From “Westlodge” travel along the R532. About 1 km from “Westlodge” there is a turn-off to the right, onto the R534 which is a 15,4 km ‘loop’ along the escarpment and which rejoins the R532 at a point 8,1 km from Graskop


Pinnacle Rock.

This is a tall column of weathered quartzite littered with brightly coloured aloes. It rises 30 m above the indigenous forest in the surrounding Driekop Gorge. This is also the source of the Ngwaritsana River which cascades through the narrow cleft on the right, at the head of the gorge.


God’s Window.

The view onto the escarpment forest is ‘framed’ by the vertical cliffs of a deep gorge.
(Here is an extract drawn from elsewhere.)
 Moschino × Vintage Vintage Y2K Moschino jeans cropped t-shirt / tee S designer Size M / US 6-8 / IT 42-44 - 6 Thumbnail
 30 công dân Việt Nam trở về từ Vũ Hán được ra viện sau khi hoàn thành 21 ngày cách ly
From this ‘window’ a paved path leads along the escarpment and includes a fairly ‘stiff’ walk to Quartzkop and the ‘Rain Forest’ with its natural garden below a canopy of trees; brightly coloured aloes in the winter and set off by outcrops of sandstone weathered into haunting prehistoric shapes. A trail leads through the rain forest to ‘Wonderview’. At 1 750 m above sea level, the walk also offers magnificent views across the Lowveld with its afforested area in the foreground; Kruger National Park beyond that and the Lebombo mountains in the distance which form the natural border with Mozambique.


 

Lisbon Falls.

A treble cascade of water plummets 95 m to a pool at the bottom. Beware, the area is not fenced whilst a few careless visitors have fallen to their death over the falls.


Berlin Falls.

Named after the farm on which it is situated, a single stream of water falls 45 m to a pool at the bottom. There is a path used by locals to cross the falls at the top with some spectacular views.
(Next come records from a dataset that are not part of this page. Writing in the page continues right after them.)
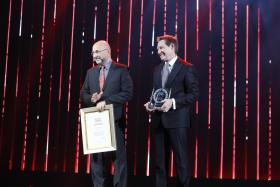 Laur Kreatora kultury wręczyli prezes Stowarzyszenia Autorów ZAiKS Janusz Fogler (ZAiKS kończy niedługo sto lat i jest partnerem tej nagrody) oraz Jim Samples, prezes zarządu TVN. W tym roku po raz pierwszy transmitowaliśmy galę na żywo właśnie w tej stacji. Dobra zmiana!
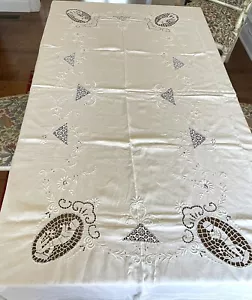 Vintage Tischdecke bestickt Leinen Piercing weiß auf weiß figürliche Einsätze 65x100 - Bild 1 von 11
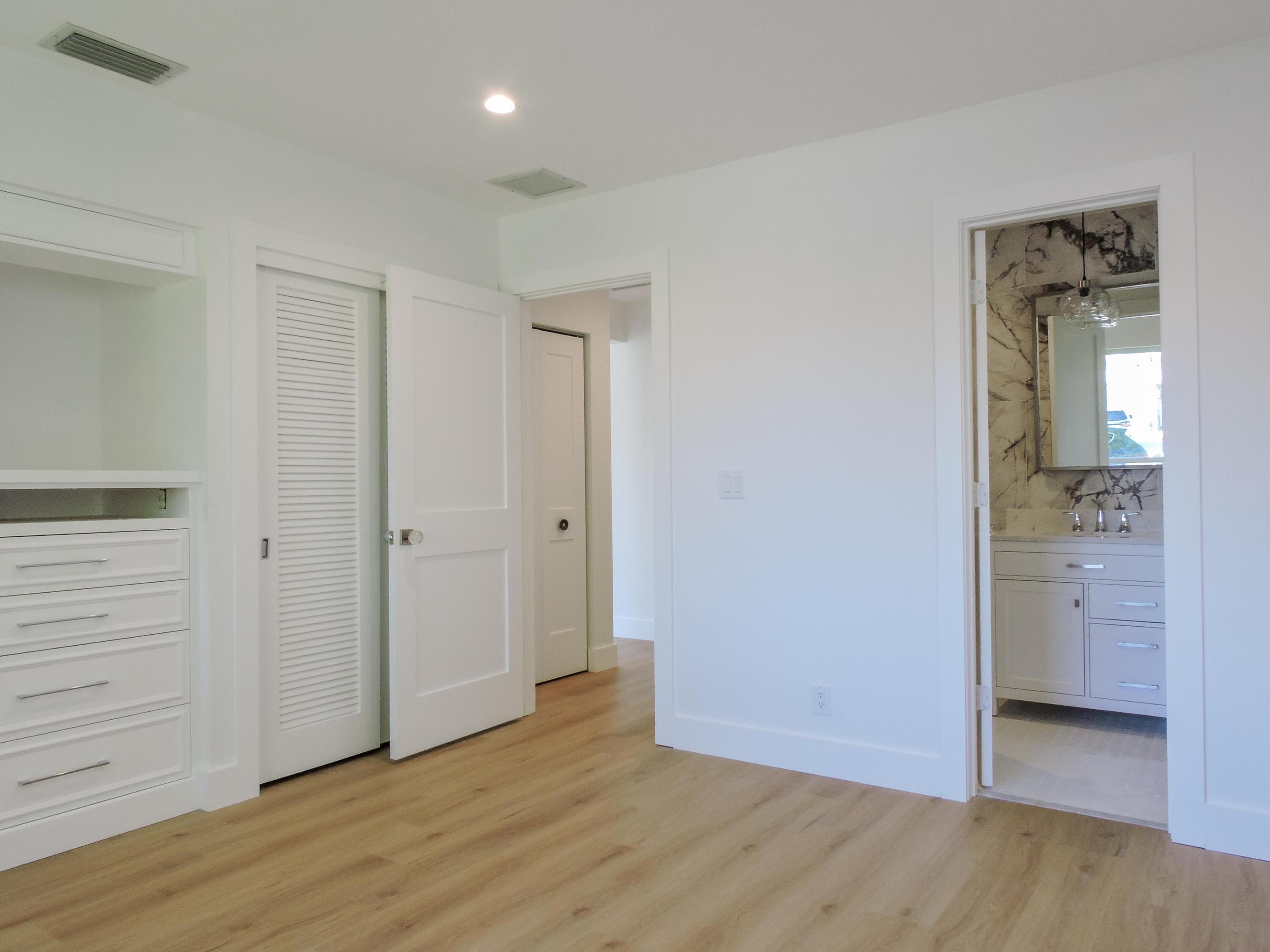 407 Anchorage Lane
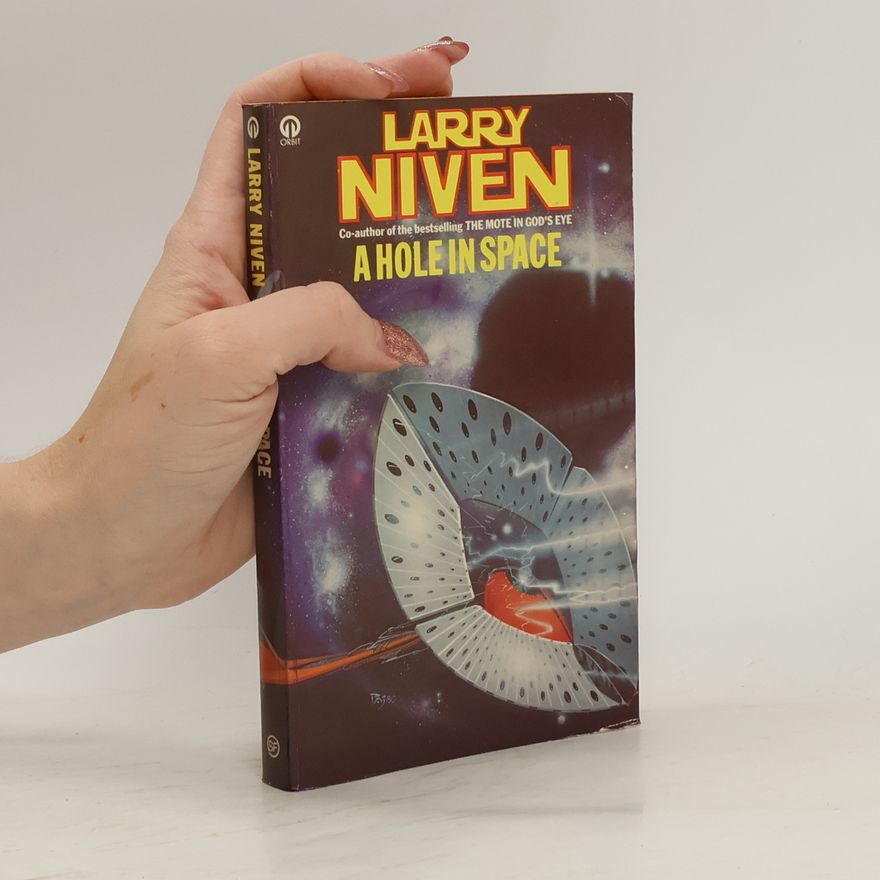 Larry Niven A Hole in Space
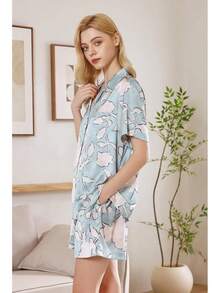 YiNi LuLu - Conjunto de pijama de satén de seda para mujer, 2 piezas, pijama de manga corta, de gran tamaño, con bolsillos - frasco de perfume - Ver 3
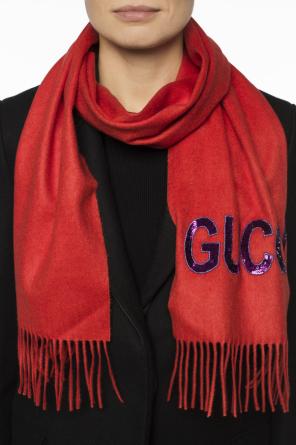 Szal z cekinowym napisem, zdjęcie 2 Szal z cekinowym napisem od Gucci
This area is typical of the early years (during the latter half of the 19th century) when those seeking their fortunes panned the streams looking for alluvial gold.

From the Berlin Falls the R532 will take you through dense Pine and Eucalyptus plantations. Some 33 km from Graskop the road links up with the Treur river and the southern reaches of the Blyde River Canyon. The spectacular and breathtaking rock formations and scattered waterfalls during the summer months are covered with orange and yellow lichen, which are most impressive during the afternnon when the sun shines onto them.

Voortrekker monument.

Insignificant in stature, it neverthelss signifies the epic horseback and ox wagon journeys of Louis Trichardt and Andries Hendrik Potgieter in their tireless attempts to establish a trade route and links with the Portuguese in Delagoa Bay, now Maputo, to get as far away as possible from the influence of the British who had occupied the Cape; annexed Natal and were showing an ‘unhealthy’ interest in the gold fields of the Witwatersrand in the Transvaal.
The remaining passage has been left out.